Easy entry to U.S. by citizens of 27 nations raising concerns
WASHINGTON - The arrests of what appear to be British radicals plotting to blow up U.S.-bound airliners highlight major holes in a system that allows citizens of friendly nations easy entry to the United States.
Citizens of 27 nations, including Great Britain, can enter the United States without a visa or any special scrutiny, although entrants are electronically fingerprinted.
Before issuing a visa, U.S. consulates abroad usually run background checks and interview applicants, who typically must present identity and travel documents to inspectors with access to security databases.
Presuming the would-be bombers were not on a terrorist-watch list, they would have been able to board U.S.-bound flights from England with only a valid passport.
"Any al-Qaida leader would have concluded that this is a perfectly logical way of launching an attack," said Michael O'Hanlon, a Brookings Institution homeland security expert.
Some of the West European countries on the visa-waiver list are struggling with homegrown Islamic extremists.

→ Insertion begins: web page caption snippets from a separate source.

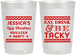 Personalized Christmas 22 oz Frosted Cups - Eat Drink Tacky | 280082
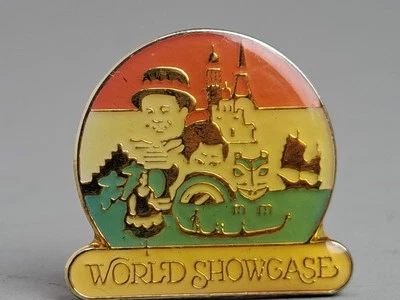 Insignia prendedor WDW World Showcase '86 Walt Disney World Epcot 15 aniversario 1986 Foto 1 de 4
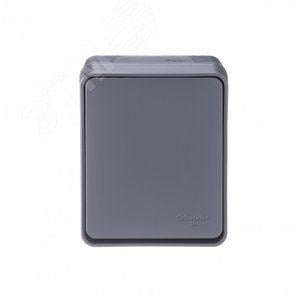 Выключатель Systeme Electric ATN544011 AtlasDesign PROFI IP54 О/У 1-клавишный 10  АХ,  антрацит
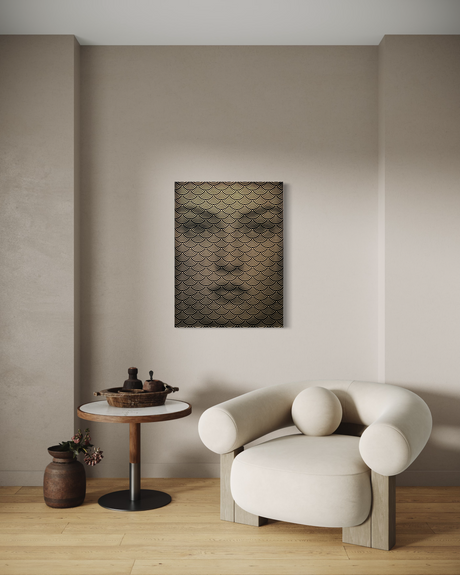 Lee Wagstaff Past is Present painting set on wall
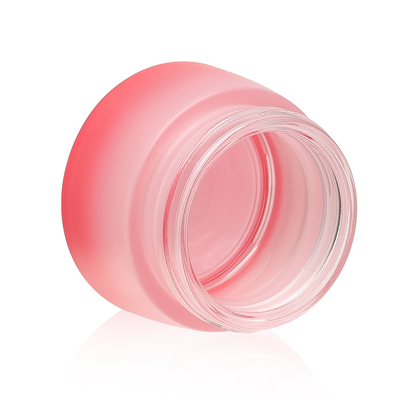 A garrafa cosmética da forma redonda ajustou o vidro ácido hialurónico Skincare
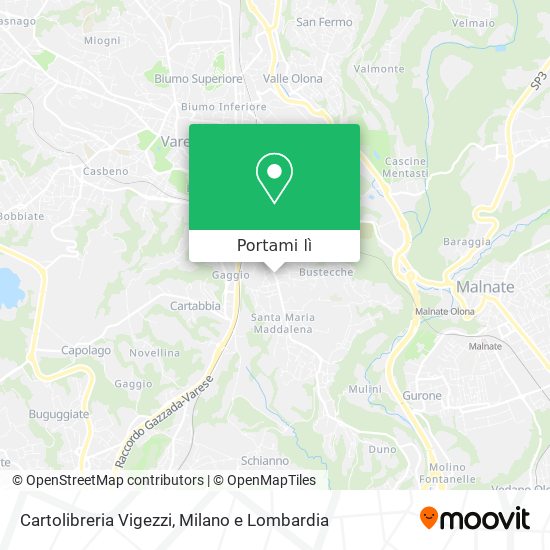 Mappa Cartolibreria Vigezzi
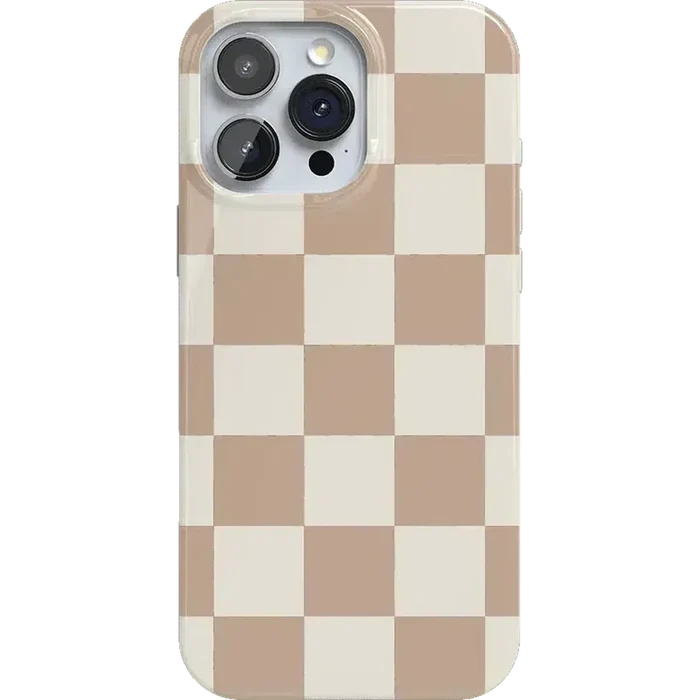 Fit Check | Neutral Checkerboard Case iPhone Case get.casely Classic + MagSafe® iPhone 16 Pro Max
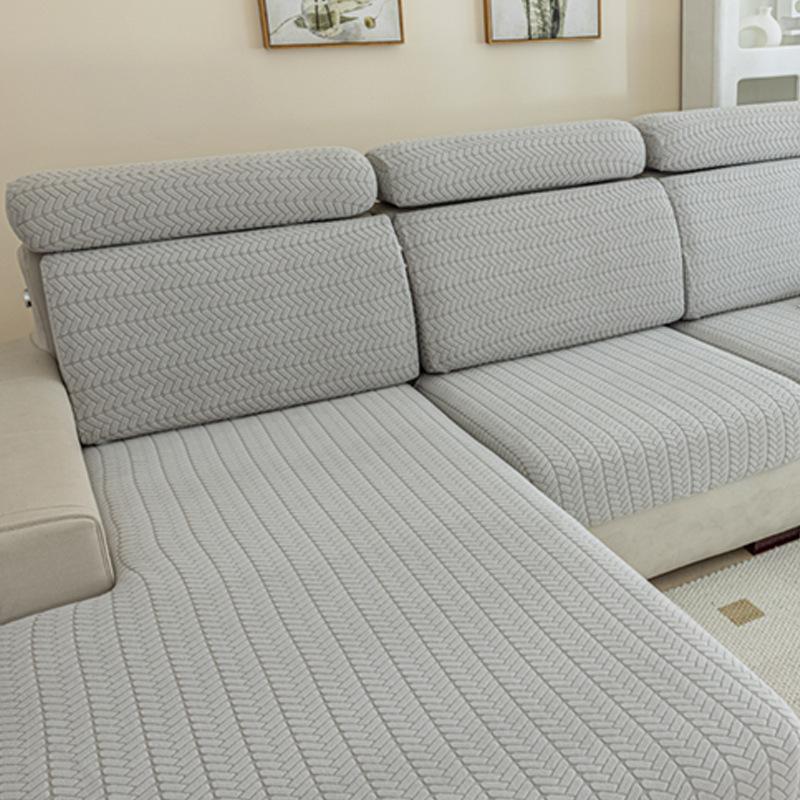 Elastic Sofa Cover Cushion Cover Sofa Hat Solid Color Sofa Cover All-inclusive Four Seasons Universal Cover Sofa Cushion Cover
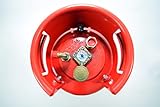  Wiederbefüllbare Tankflasche Stahl 4 Punkt Ventil 11 Kg 27 Liter Campingflasche Wiederbefüllbar inkl. Tankadapter Set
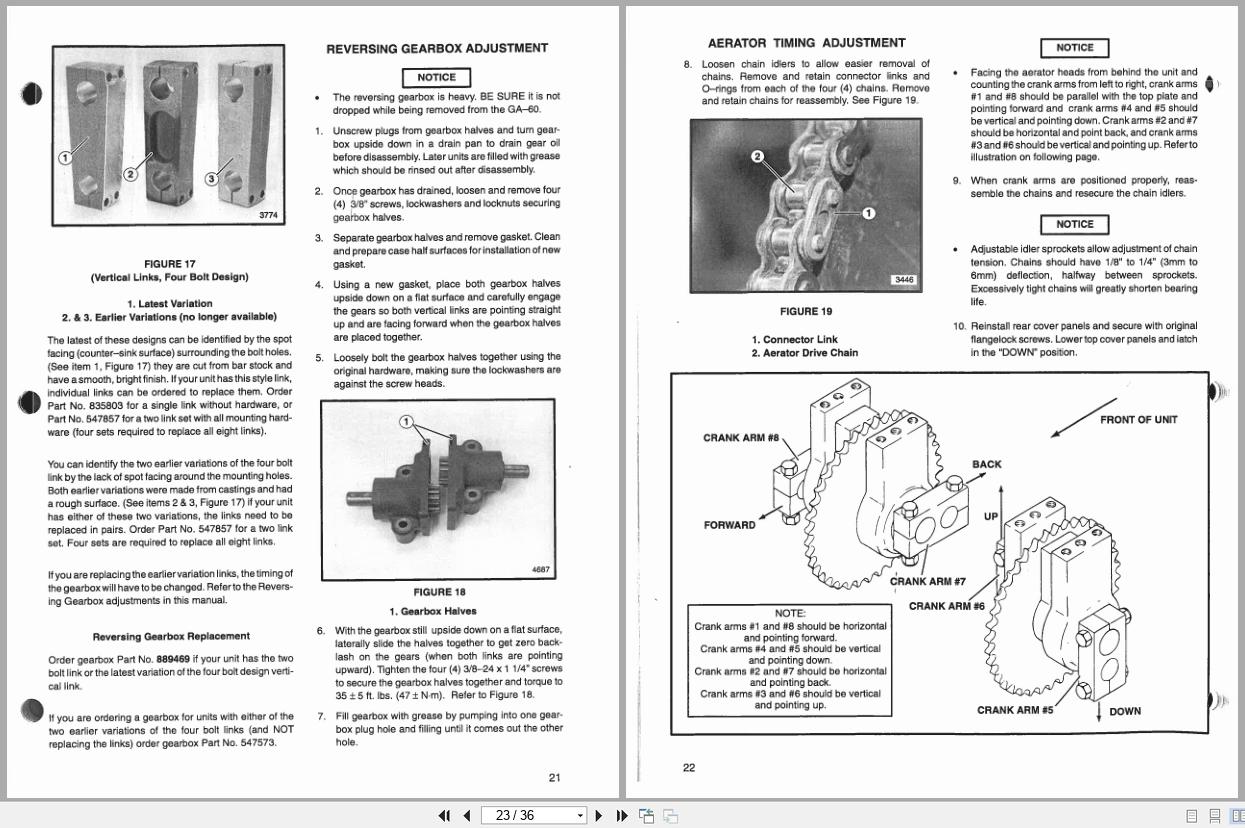 CUSHMAN Aerator GA 60 898558A Operators Service Manual 841767 1996 (2)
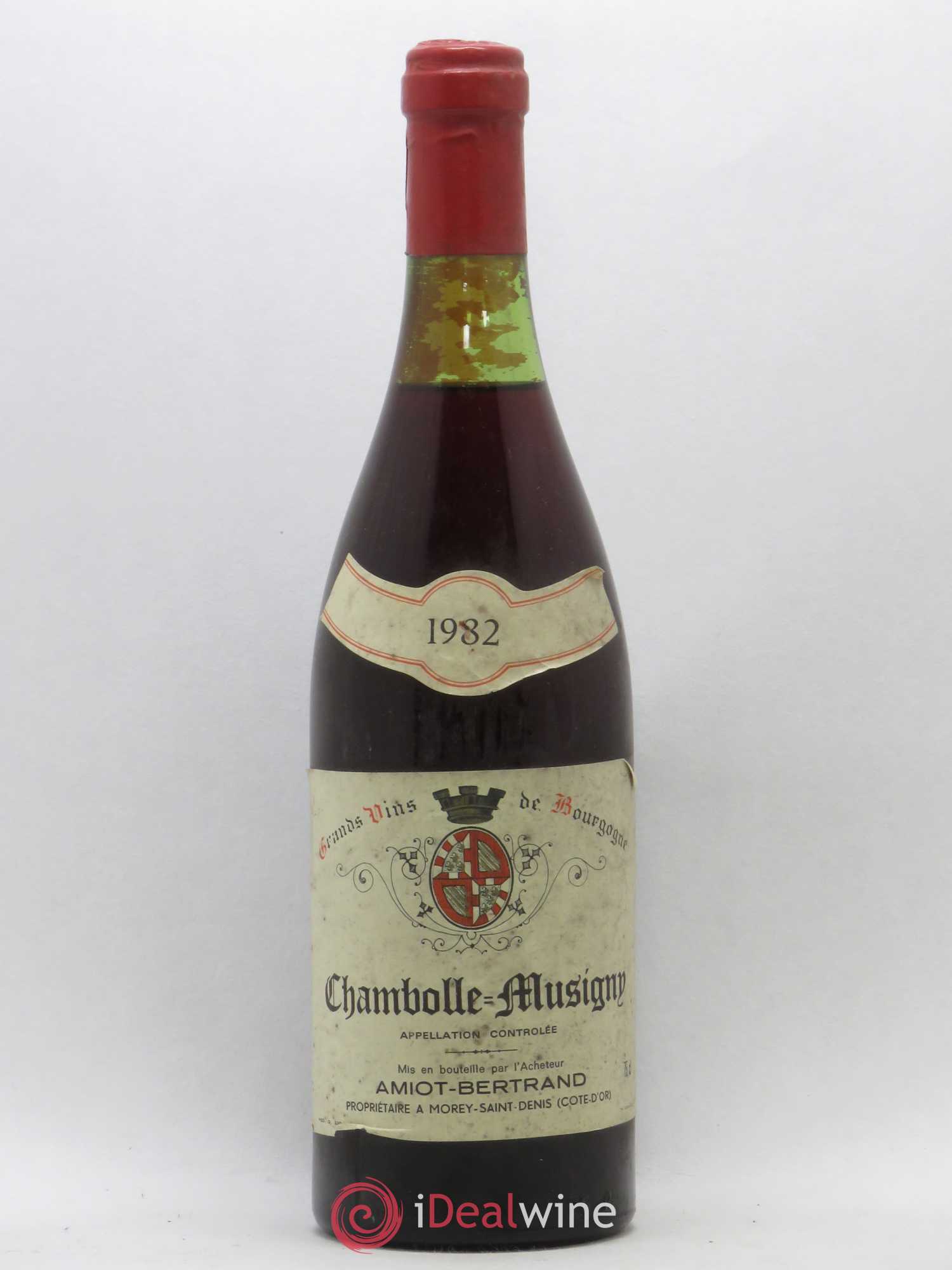 Chambolle-Musigny Amiot-Bertrand 1982 - Lot de 1 bouteille - 0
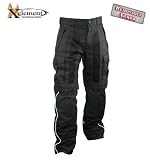 Xelement Black Tri-Tex Pants with Reflective Piping - Size : 34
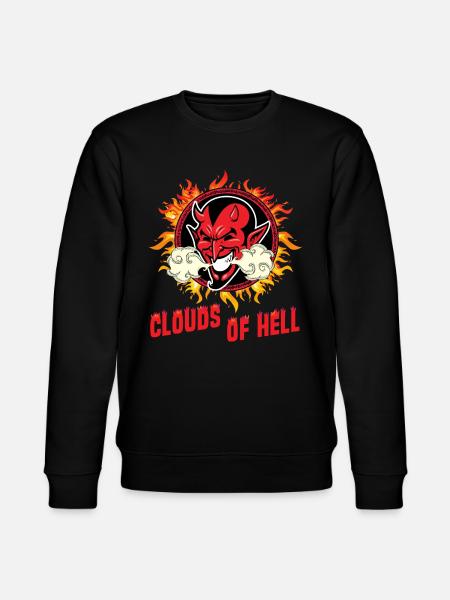 Vaping Devil - Clouds Of Hell - Stanley/Stella Unisex Bio-Sweatshirt CHANGER  - Schwarz
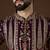 Men’s purple georgette kurta with solid sequins embroidered | trendy ethnic wear for festive, wedding & party occasions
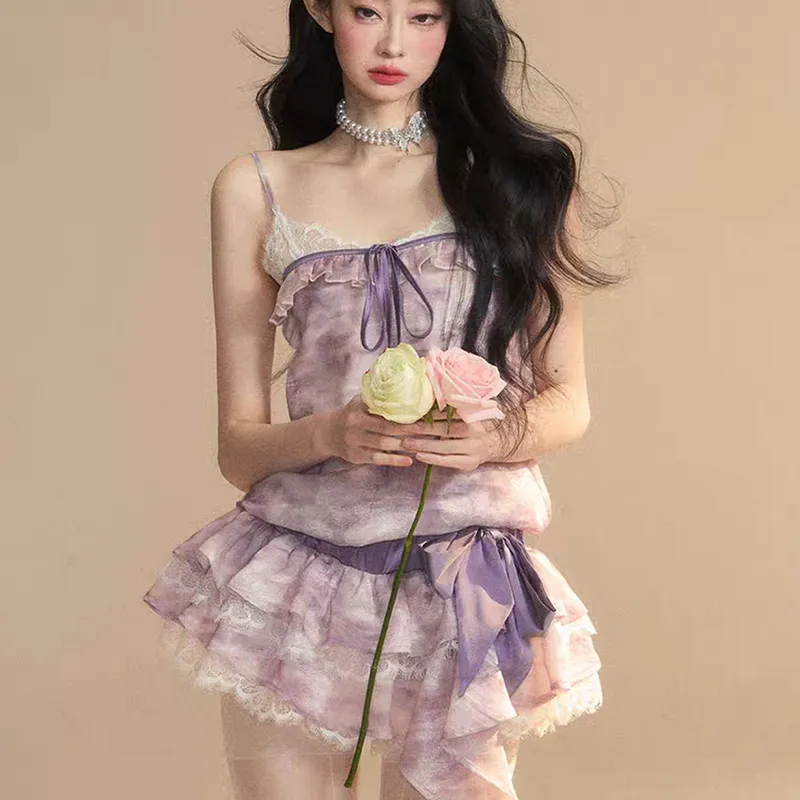 SECFLY OFFICIAL Slip Dress Women's-3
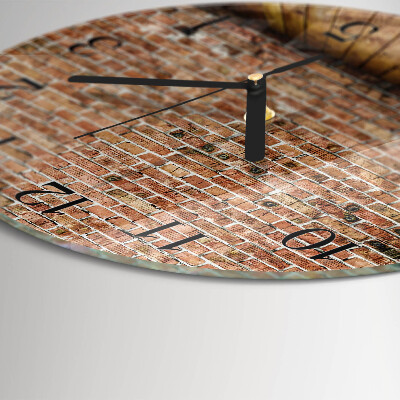 Round wall clock Brick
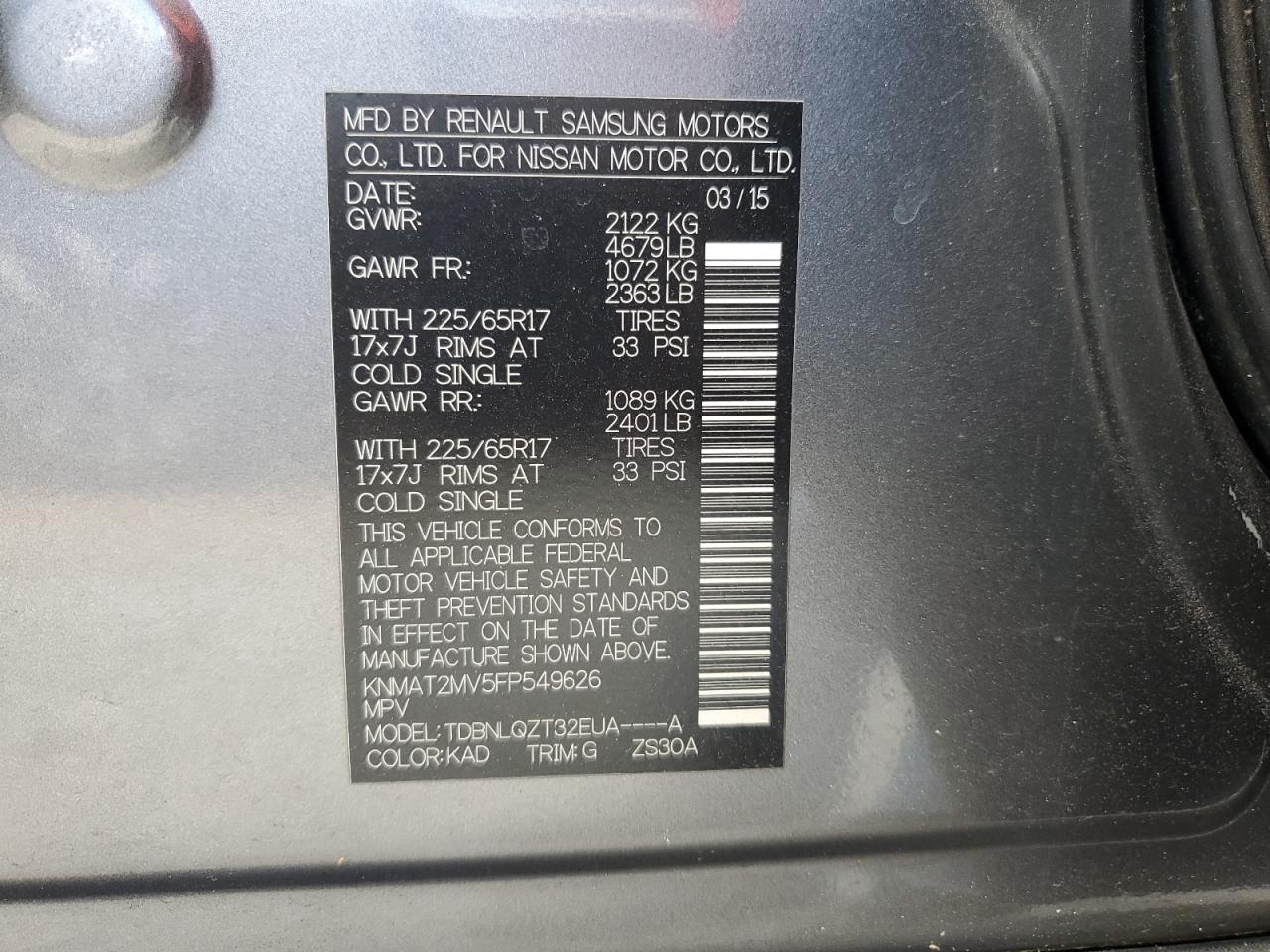 2015 Nissan Rogue - Image 13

A Nixon Center study of Islamic radicals found twice as many were French as were Saudi; more were British than Middle Eastern.
Terrorists Zacarias Moussaoui, Richard Reid and Ramzi Yousef boarded flights to the United States with passports issued by countries participating in the visa waiver program.
Homeland Security officials say they have no plans to radically change the program.
"We continue to work with the countries in the program on increasing security, but we don't want to impede legitimate traffic," said Jarrod Agen, spokesman with the Department of Homeland Security.
The Visa Reform Act of 2002 and other improvements require that new passports be machine-readable and carry biometric data, such as digital photos, that would make them difficult to alter. Some of those improvements won't be complete until October.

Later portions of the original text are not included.